È importante valorizzare questa esperienza di lotta, queste incursioni in territorio borghese, come li definiva Trotsky.
Questo piano di sostegno è temporaneo. Quali misure a lungo termine sono necessarie, in particolare nei settori che producono molta CO₂?
Ottima domanda. In un settore che utilizza molta energia e produce, chiaramente, molta CO₂, la priorità dovrebbe essere quella di verificare se si tratta di una produzione utile alla società. Un po’ come, su un altro piano, la questione delle aziende produttrici di armi. Allo stesso tempo, dobbiamo difendere l’idea che non sono i lavoratori e le lavoratrici a dover pagare il conto.
Nel settore dei metalli e dell’acciaio, sembra abbastanza ovvio che dobbiamo mantenere la produzione, perché dobbiamo produrre gallerie, ponti… dobbiamo produrre cose con l’acciaio. Ma il mantenimento della produzione non impedisce al settore di ridurre anche le emissioni di CO₂. Questo fa parte della legge provvisoria.
Ciò che è essenziale, come nel caso di queste lotte nelle acciaierie, è che ci sia una forte presenza sindacale. In passato si parlava di controllo dei lavoratori. Dobbiamo assolutamente mettere in discussione la possibilità che i padroni prendano decisioni da soli. Non dobbiamo più accettarlo, e soprattutto non dobbiamo mai dimenticare (o ricordare a noi stessi…) che sono i lavoratori e le lavoratrici a produrre la ricchezza, con il loro concreto e quotidiano lavoro, sia fisico che intellettuale.
Ciò che abbiamo visto in questa mobilitazione, e che è stato molto interessante, è stato un processo, una dinamica di auto-organizzazione dei lavoratori. Non era più un’idea astratta, ma una realtà. È sempre molto emozionante vedere i lavoratori prendere in mano le redini della mobilitazione. Sono stati gli operai a porre spontaneamente la necessità di creare solidarietà tra i lavoratori della Stahl Gerlafingen e della Swiss Steel fin dall’inizio.
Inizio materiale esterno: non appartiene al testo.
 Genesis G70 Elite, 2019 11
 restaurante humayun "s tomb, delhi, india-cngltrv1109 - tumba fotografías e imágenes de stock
Sono stati ancora loro a cercare di fare appello alla solidarietà internazionale, ricevendo sostegno. Ci sono altre esperienze in Europa e altrove, dove i collettivi di lavoratori e le aziende stanno cercando di combinare la questione della difesa dei posti di lavoro con quella di contribuire a risolvere l’emergenza climatica. Questo è il compito che dobbiamo portare avanti ed estendere.
* l’intervista, a cura di Niels Wehrspann, è apparsa sul quindicinale SolidaritéS il 17 gennaio 2025.